Tomatoes are at their peak right now. But rather than chop them up for a bolognese or pair with cheese for the classic sandwich, Georgina shows how they can be the star of a recipe.
For many consecutive summers I tended to Mr Pask’s tomatoes in return for pocket money; the beginning of my little tomato love affair. He had a tiny greenhouse, two doors down, that became stiflingly sweaty in the Summer sun and was packed with tomato plants dripping with fruit. Years later I only think a tomato is really good if its smells like that greenhouse; dusty with scent and deep red in colour.
Tomatoes have a lengthy, full season that runs right from June to October so some might say that right now they are at their peak. The temptation is often to add them to a salad, chop them up for a bolognese or pair with cheese for the classic sandwich but I wanted to make the tomato a star of this recipe.
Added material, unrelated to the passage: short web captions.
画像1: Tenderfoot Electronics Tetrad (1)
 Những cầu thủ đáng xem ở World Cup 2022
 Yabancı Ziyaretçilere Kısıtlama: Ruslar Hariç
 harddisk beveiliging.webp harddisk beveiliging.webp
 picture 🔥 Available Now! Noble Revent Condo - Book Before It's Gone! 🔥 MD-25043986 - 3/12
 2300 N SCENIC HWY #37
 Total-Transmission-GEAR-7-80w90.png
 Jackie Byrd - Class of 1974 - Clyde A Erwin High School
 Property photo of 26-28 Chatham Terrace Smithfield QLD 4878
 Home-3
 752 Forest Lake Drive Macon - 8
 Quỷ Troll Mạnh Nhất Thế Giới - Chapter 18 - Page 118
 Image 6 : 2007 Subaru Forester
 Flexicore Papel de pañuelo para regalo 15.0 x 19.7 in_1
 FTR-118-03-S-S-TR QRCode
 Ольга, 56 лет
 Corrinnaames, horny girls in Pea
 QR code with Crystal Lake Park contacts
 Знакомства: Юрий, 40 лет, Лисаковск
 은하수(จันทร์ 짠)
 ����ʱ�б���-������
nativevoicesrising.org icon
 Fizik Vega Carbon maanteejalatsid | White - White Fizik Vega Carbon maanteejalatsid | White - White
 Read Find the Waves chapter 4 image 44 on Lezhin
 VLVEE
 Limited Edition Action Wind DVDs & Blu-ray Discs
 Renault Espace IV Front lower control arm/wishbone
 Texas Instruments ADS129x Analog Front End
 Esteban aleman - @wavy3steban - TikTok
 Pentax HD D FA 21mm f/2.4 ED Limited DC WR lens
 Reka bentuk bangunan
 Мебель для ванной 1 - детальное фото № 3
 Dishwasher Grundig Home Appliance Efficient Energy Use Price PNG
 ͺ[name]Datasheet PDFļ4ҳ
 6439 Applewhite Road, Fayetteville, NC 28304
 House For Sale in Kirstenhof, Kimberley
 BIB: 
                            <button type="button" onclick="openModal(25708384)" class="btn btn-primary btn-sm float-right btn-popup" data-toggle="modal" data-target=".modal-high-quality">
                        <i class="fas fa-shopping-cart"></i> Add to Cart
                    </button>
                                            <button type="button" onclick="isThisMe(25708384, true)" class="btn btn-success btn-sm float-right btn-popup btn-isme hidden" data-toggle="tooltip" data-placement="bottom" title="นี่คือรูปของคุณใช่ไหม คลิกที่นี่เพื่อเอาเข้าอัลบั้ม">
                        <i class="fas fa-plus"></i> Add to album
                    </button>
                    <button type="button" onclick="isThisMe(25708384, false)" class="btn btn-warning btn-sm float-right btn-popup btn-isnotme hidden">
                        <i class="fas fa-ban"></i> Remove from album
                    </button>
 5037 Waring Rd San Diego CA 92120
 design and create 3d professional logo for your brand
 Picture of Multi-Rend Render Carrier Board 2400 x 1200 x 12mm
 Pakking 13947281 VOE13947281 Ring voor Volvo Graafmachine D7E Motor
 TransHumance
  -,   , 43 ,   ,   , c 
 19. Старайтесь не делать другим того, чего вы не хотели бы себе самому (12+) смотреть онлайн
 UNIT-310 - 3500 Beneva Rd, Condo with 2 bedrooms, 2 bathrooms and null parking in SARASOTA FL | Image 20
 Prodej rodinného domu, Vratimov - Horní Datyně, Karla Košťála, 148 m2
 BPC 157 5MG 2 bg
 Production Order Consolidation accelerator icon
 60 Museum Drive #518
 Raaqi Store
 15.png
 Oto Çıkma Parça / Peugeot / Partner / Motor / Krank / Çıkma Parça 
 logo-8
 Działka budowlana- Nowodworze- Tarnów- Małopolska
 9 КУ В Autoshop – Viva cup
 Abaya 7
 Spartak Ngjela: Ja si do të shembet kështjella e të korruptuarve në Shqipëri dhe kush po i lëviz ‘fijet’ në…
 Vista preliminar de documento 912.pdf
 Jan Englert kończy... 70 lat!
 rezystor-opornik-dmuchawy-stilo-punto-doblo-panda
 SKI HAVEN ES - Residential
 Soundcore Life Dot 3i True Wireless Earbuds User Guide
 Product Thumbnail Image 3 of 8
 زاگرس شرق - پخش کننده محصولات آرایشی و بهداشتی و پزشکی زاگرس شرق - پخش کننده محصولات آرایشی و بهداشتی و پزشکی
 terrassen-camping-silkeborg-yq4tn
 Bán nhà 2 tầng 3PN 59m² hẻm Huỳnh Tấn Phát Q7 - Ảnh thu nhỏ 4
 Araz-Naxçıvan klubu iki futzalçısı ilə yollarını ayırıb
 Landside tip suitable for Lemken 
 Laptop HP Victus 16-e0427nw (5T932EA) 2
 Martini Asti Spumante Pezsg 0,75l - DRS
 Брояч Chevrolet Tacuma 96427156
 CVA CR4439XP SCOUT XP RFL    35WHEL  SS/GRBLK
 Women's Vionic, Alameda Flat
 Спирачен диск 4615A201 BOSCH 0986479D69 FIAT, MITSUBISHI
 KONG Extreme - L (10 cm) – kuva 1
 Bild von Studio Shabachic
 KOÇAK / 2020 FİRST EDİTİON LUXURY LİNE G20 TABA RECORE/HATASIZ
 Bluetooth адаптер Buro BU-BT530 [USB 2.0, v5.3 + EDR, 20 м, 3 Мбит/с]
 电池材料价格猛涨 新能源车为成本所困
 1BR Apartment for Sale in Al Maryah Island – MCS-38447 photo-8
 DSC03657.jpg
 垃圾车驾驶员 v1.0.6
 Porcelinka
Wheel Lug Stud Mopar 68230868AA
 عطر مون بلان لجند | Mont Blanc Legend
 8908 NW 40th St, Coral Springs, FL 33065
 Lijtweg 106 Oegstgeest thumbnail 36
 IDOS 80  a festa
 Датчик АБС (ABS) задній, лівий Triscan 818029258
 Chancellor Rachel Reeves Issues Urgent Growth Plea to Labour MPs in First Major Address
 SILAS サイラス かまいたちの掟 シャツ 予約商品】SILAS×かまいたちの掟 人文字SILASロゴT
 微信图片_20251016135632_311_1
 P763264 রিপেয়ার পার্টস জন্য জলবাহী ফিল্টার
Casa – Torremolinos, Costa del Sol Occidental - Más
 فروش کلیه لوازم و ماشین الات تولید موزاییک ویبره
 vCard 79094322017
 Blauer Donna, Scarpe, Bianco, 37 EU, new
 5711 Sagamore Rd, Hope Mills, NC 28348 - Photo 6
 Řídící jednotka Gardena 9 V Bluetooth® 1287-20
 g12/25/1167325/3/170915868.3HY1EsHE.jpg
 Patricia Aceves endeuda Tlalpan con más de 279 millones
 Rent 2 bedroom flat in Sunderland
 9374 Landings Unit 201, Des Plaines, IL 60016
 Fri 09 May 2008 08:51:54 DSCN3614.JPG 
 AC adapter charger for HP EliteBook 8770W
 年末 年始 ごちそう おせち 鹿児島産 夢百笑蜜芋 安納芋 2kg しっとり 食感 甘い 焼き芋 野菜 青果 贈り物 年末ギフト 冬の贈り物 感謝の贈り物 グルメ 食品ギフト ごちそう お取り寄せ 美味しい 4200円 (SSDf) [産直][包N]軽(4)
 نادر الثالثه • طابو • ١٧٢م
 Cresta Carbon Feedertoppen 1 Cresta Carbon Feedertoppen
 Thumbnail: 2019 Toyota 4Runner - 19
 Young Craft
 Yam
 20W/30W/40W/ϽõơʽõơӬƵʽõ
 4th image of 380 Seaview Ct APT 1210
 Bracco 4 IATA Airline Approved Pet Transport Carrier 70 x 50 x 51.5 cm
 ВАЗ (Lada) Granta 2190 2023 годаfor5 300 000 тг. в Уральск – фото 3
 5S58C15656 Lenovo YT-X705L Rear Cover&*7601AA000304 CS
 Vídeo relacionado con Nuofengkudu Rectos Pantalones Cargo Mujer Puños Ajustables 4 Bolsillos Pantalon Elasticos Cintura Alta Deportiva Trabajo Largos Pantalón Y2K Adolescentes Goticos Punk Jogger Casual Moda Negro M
Think Parmesan dumplings and you’ve just about got what this cobbler will be like. For this recipe I gently fried the onions until they buckled from the heat and turned soft and caramel in colour. I then mixed them with plenty of fresh tomatoes, thyme, garlic and brown sugar. The tomatoes do the talking. The cobbler is baked until sweet tomato juices break free and the cobbled crust is golden. Ideal for an August evening when the sun hasn’t shone quite as much as the weather forecast promised.